21| Place the tube on the magnet stand for 1 min at 4 °C and collect the supernatant in a new 2.0-ml microcentrifuge tube. Centrifuge at 16,000g for 10 min at 4 °C to remove debris and the residual beads, and transfer the supernatant to another 2.0-ml microcentrifuge tube.

22| Equally split the 2.0 ml of supernatant into two 1.5-ml microcentrifuge tubes. One is the ChIP sample and the other is used as the mock control. crItIcal step The 2.0 ml of supernatant contains ~70 µg of chromatin. As a successful immunoprecipitation requires at least 20 µg of chromatin to obtain a substantial enrichment (more than fivefold) of the target DNA over nonspecific sequences, the 2.0 ml of supernatant can be split equally into three 1.5-ml microcentrifuge tubes (666 µl each) to analyze two modifications with one mock control.

23| Add antibodies to the ChIP sample and add preimmune sera to the mock control. Incubate the sample overnight at 4 °C on a rotating wheel. crItIcal step The amount of antibody required per ChIP experiment should be empirically determined. Typically, 1–10 µg of antibodies is used. If the exact concentration of antibodies is unavailable, a range of antibody concentrations can be tested in ChIP experiments to determine the antibody concentration that gives optimal high levels of enrichment. crItIcal step To map histone modifications, we use antibodies against specific amino acid modifications, such as di- and trimethylated Lys 4 of histone H3, or acetylated Lys 9 of histone H3. If no preimmune serum is available (as is the case for these histone antibodies), either do not add antibody to the mock control or add an equal amount of IgG from the same source as the antibodies.

24| Add 50 µl of Dynabeads–protein G from Step 19 to the ChIP sample and 50 µl to the mock control; mix them completely by inverting each tube several times. Incubate the mixture for 2 h at 4 °C on a rotating wheel.

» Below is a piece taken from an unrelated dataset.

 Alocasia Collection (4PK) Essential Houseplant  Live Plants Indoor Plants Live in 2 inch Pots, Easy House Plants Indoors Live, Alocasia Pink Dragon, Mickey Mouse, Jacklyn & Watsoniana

25| Place each tube on the magnet stand for 1 min at 4 °C and discard the supernatant by aspiration with a pipette while the tube remains on the magnet stand.

26| Add 1 ml of dilution buffer to each tube, and then fully resuspend the beads by gently inverting each tube several times. Place each tube on the magnet stand for 1 min at 4 °C and discard the supernatant by aspiration with a pipette while the tube remains on the magnet stand. Repeat this wash step once more.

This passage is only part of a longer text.